Too much to say, too little words...

Tonight would have to be the 15th time I've sat down to write lately and found myself staring at the flashing cursor on a blank white screen, with only my signature looking back me. I have so much on my mind, which seems to have a whole new affect on me these days. Silence.

Usually, I'm all words. I think out loud. But, lately I'm just quiet.

I feel a shifting at the shoebox. Not so much a change as much as a narrowing of my blog focus. I've realized I cannot blog about it all, and I certainly cannot blog about it everyday. I've been feeling this pressure to post lately, but I refuse to become the blogger who blabs. I don't want to write if I don't have anything to say, and I don't want to get carried away with the popularity contests of blogging.

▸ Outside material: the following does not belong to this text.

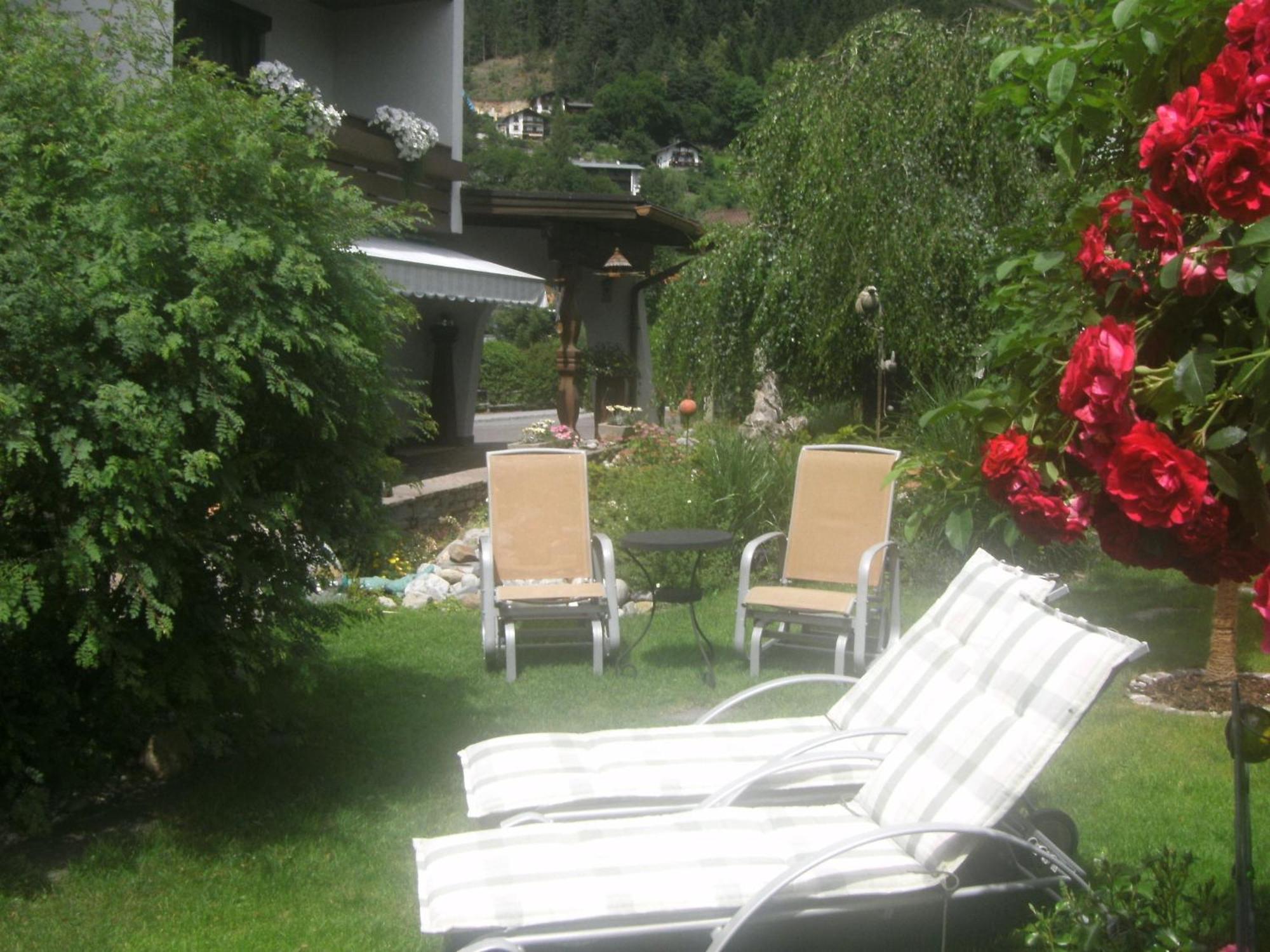 Pension Garni Gerhard Oetz Exteriör bild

Let's face it. It's easy to get caught up. We try to participate in every meme, reply to every email, visit all of our followers, and click our way through the list of blogs we love. Before we know it, the day is gone, and we've clicked away precious hours of our day.

Or maybe for you (like me lately) it's the other end of the spectrum. You've been thinking about sitting down and whipping up a phenomenal post all day, then  9:00am turns into 9:00pm. One day turns into one week, and you feel the opposite of popular. Disconnected. Please tell me I'm speaking to somebody. I feel like using phrases like "popularity contests" have a negative tone. It's not intentional. But, we click around to connect with others and market our own blogs. In the process we hope to gain a following in return. What else do I call it?

Don't misunderstand me. I love all of you! I enjoy connecting with other women and moms. I have met some incredible people over the last few months, and blogging has become one of my favorite things to do. The blogoshpere has opened up a whole new world for me. I have even made some friends. Totally unexpected, but I've met a few bloggers who I actually consider friends. Who would have thought?

But, I have to attempt to stay balanced. As much as I love this whole thing, and all of you, it has become something else I love to do, yet don't have time to do it. So how will I find balance? I have no idea.  But I'm going to start with a bit of housecleaning. I feel strongly that a blog should be quality not quantity.

So, I've decided to take my own advice. I am cleaning things up a bit around the shoebox and sifting through the boatload of thoughts that I have. When I need to think, I bake!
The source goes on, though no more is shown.